In many ways Vidic was an old-fashioned defender: he saw the ball and went for it, and was aided in that by the fact that his head seemed hewn of granite. There are countless shots of him soaring above opponents to head the ball clear, but there are also countless shots of him stopping and diving to head the ball clear, as boots fly all around. Courage was never an issue; or, rather, if it was an issue it's that he was too courageous -- it seems a frequent occurrence that he would miss games with head injuries and concussions, but it's even more remarkable that he didn't miss more. On one memorable occasion against Swansea, he was face down on the ground when he saw Chico Flores lining up a shot. He tried to hurl himself in the way, arrived a fraction ate and ended up headbutting the ground.
"He loved the challenge of sticking his head in there," Ferguson wrote in his autobiography. "You could tell that the thrill of contesting those 50-50 balls animated him... Vidic was a dour, uncompromising sod."
It was just that dourness that made him so popular among fans. There were no frills and seemingly little ego, just an implacable will to win. And that, in turn, was an inspiration to teammates. With Vidic on the pitch, there could be no compromise. Only against extreme pace was there a weakness, which was why Vidic struggled so badly against Fernando Torres in the forward's time at Liverpool, being sent off three times in a row against United's most bitter rivals.
For the most part, though, the partnership with Ferdinand worked perfectly. Languid as he is, Ferdinand was quick and, by and large, could cover Vidic's slight lack of pace, while Vidic's intensity helped keep Ferdinand's famously lax concentration in check. For a time they were the best central defensive partnership in the Premier League and perhaps the world. When goalkeeper Edwin van der Sar went a world record 1,311 minutes without conceding a goal early in 2009, the protection he was given by Ferdinand and Vidic deserved much of the credit. United won the league that season, one of the five championships Vidic won at the club along with a Champions League, three League Cups and a Club World Cup. He was also named the Premier League Player of the Season in 2008-09 and 2010-11, an indication of the respect he earned: He wasn't just hard, he was also fair. Vidic's recklessness endangers himself rather than any one else; he isn't a defender intent on leaving his mark on opponent's shins.

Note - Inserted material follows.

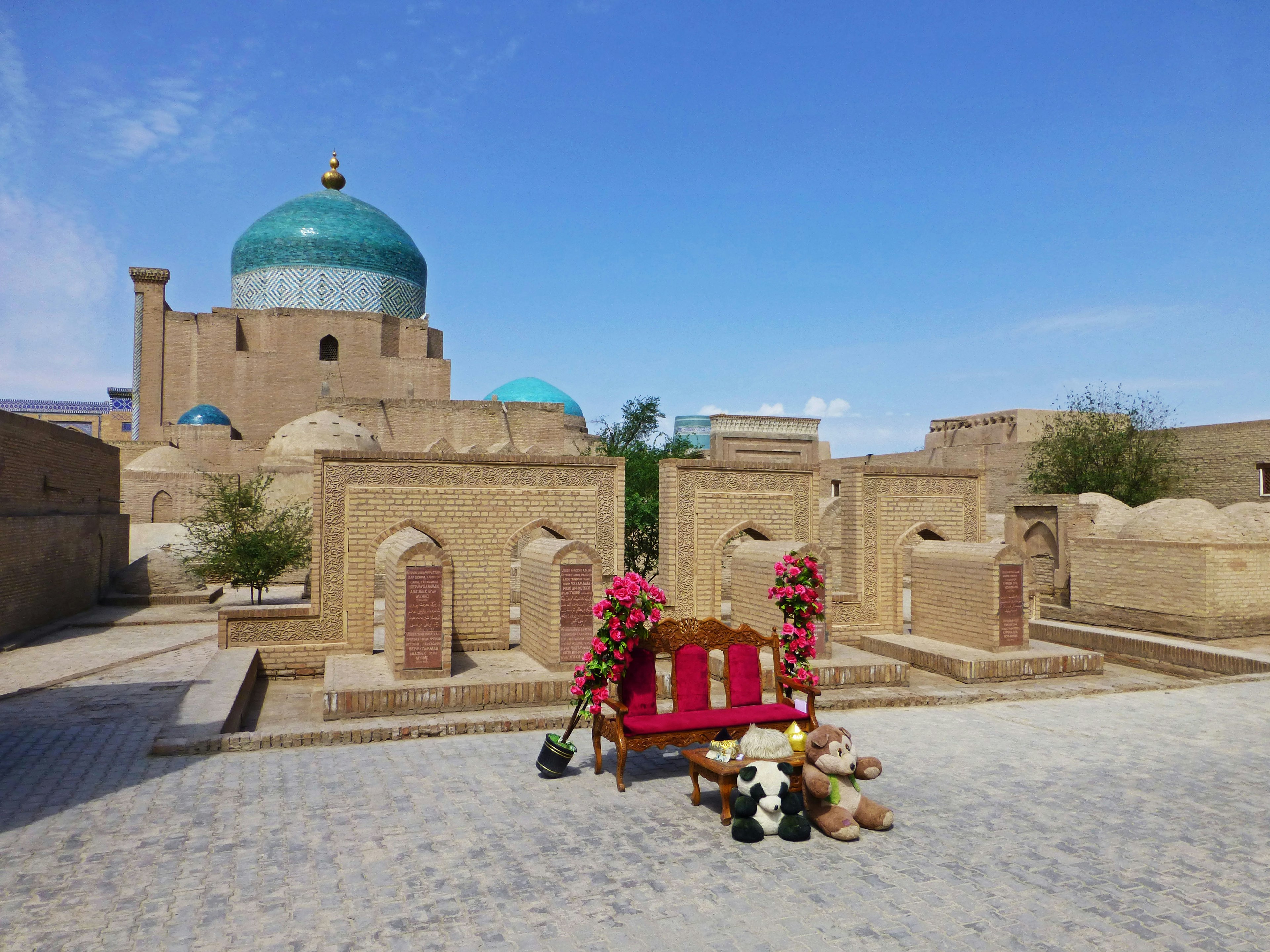 Ancient cityscape featuring a blue dome mosque and a red bench adorned with flowers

To an extent, time and events have overtaken him. Vidic is 32, has struggled over the past couple of seasons with a series of knee injuries and with his contract set to expire at the end of the season, it's no great surprise that both he and United should decide it's time to move on. It's fairly clear that the next year or two will be a time of major rebuilding at Old Trafford and, while an experienced old hand might be a help in that, an experienced old hand who is constantly battling his body may not be. With Ferdinand, now 35 and fairly evidently disaffected with Moyes, also probably leaving in the summer, it make sense for United to look to the future with an entirely new central defensive partnership.

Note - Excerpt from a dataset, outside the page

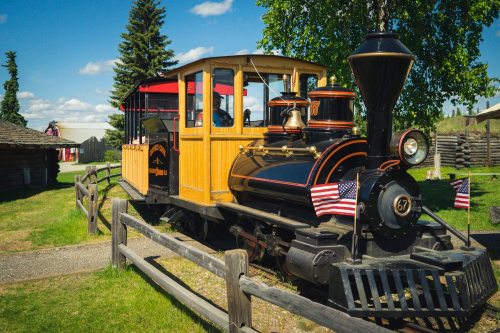 A vintage steam train with wooden features, flags, and a scenic background of trees and blue sky.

"He has been a brilliant servant for Manchester United," said Moyes, who understandably wants to get the most he can out of Vidic for the remainder of the season. "He is captain and it will remain that way until the end of the season. He has been a great player for us and we will continue using him."
And who, realistically, can blame a player who has given eight years to a club, who has won 15 trophies including a Champions League, if he has no desire to see the squad he was part of broken up, if he is reluctant to play in a side scrabbling to qualify for the Champions League.
If he moves to Internazionale, as has been widely rumored, he faces a similar struggle with a fading giant. But at least there he will not constantly be comparing a better past he once knew.